No it's fine  you weren't rude. Just for someone who is 14 and obviously doesn't have a job and having to provide for a chihuahua and cockatiel I can understand money issues. I don't mean I pay for their things but if I don't work around the house they get a cheap toy to an awesome toy  luckily my dad got promoted and I got a new cage for my bird!!

I'm glad you feel strongly about small cages being unacceptable. I feel strongly about owning only one cockatiel but that's my personal choice.


----------



## Jellie (Mar 30, 2014)

Ziggibaby said:


> YAY! How exciting! This will be so good for your bird! Do you have any other pets or plans for one?


I don't have any other pets since the flat I am in at the moment doesn't allow pets  But my new place does! I think for now I will be sticking with just 1 cockatiel. I have a fur allergy so if we did get any more pets in the future they will likely be more birdies


----------



## Ziggibaby (Mar 26, 2014)

Jellie said:


> I don't have any other pets since the flat I am in at the moment doesn't allow pets  But my new place does! I think for now I will be sticking with just 1 cockatiel. I have a fur allergy so if we did get any more pets in the future they will likely be more birdies


Birds are perfect for flats! I recommend a girl they might not disturb the neighbours so much  I am in love with rainbow lorikeets and indian ringnecks they will be my next purchase


----------



## Mezza (Feb 19, 2013)

I definitely think its a great idea if you can get a bigger cage - they may cost a little more but like Moonchild said, even go for a second hand one. There are some great ones out there. 

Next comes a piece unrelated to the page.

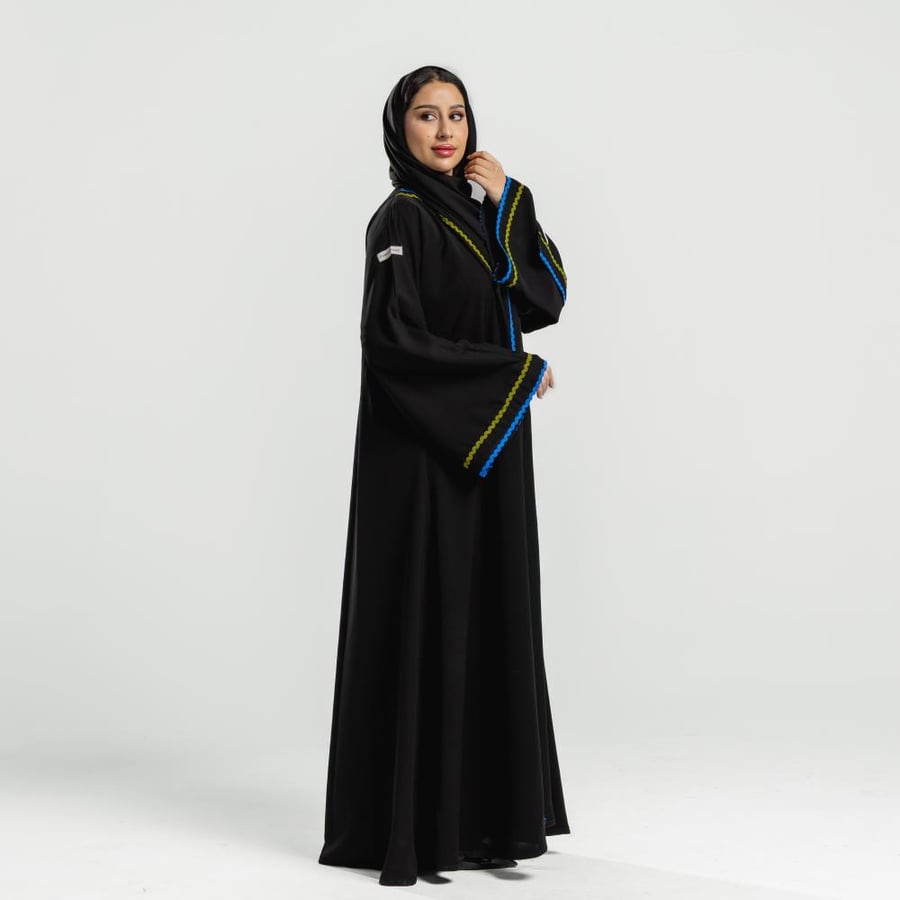 عباية هيفاء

I am not sure where you are or what your budget is - but I got Louey's cage from ebay and its an awesome size with a top play gym. 

I am in a unit as well and I am lucky enough to be able to have two birds.


----------



## tweetsandsarah (Mar 27, 2014)

I am very happy for you, but I wanted to say thank you for doing research and trying to optimize things for your future friend. Not many people will do that!


----------



## Jellie (Mar 30, 2014)

Mezza said:


> I definitely think its a great idea if you can get a bigger cage - they may cost a little more but like Moonchild said, even go for a second hand one. There are some great ones out there.
> 
> I am not sure where you are or what your budget is - but I got Louey's cage from ebay and its an awesome size with a top play gym.
> 
> I am in a unit as well and I am lucky enough to be able to have two birds.

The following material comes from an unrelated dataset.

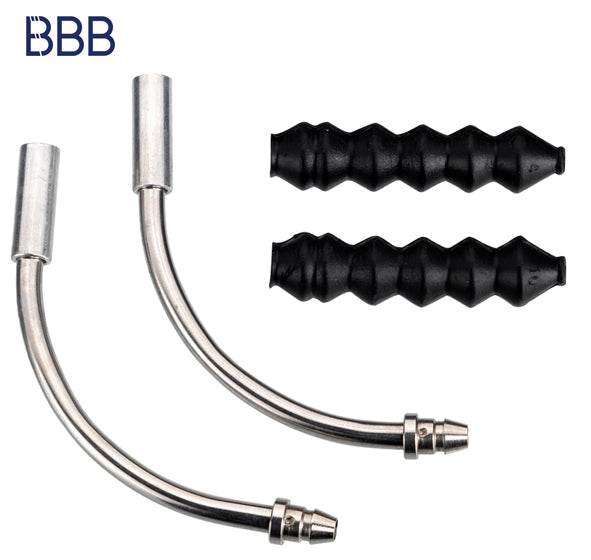 VeePipe, aluminium 2st - BikePath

I'm from Leicester in the UK and I'll be moving into a terrace house just outside the city center (the walls are really thick so I'm not worried about noise) 

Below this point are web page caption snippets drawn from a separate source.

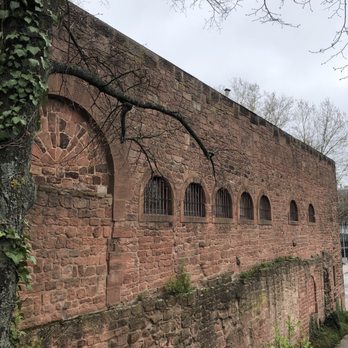 Kaiserpfalz - ... Impressionen ... - Landmarks & Historical Buildings Near Me - Kaiserslautern, RP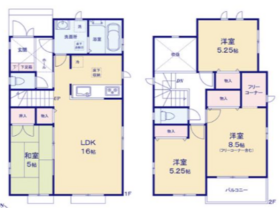 熊本市中央区帯山３丁目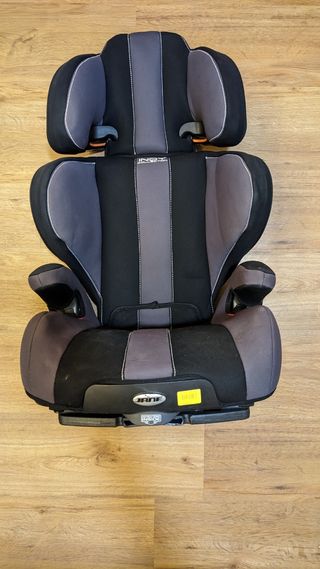 Silla coche Jane Indy grupo 2/3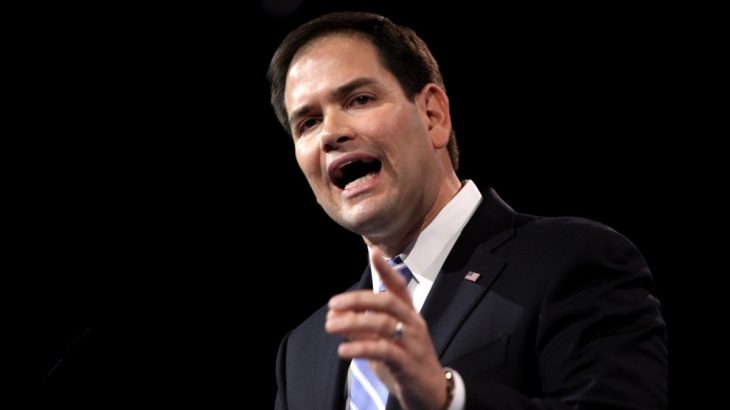 Marco Rubio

My new budget now is around £80 - £90.

I'm not sure if we'll get a boy or a girl cockatiel, my plan is just to return to the pet shop when they let me know they have them for sale again and let the bird chose me/my fiance  The main reason we are getting a pet is because I need a companion around the house since I'm on my own a lot with fiance working most of the week. So a friendly bird who takes a liking to us will be ideal!



tweetsandsarah said:


> I am very happy for you, but I wanted to say thank you for doing research and trying to optimize things for your future friend. Not many people will do that!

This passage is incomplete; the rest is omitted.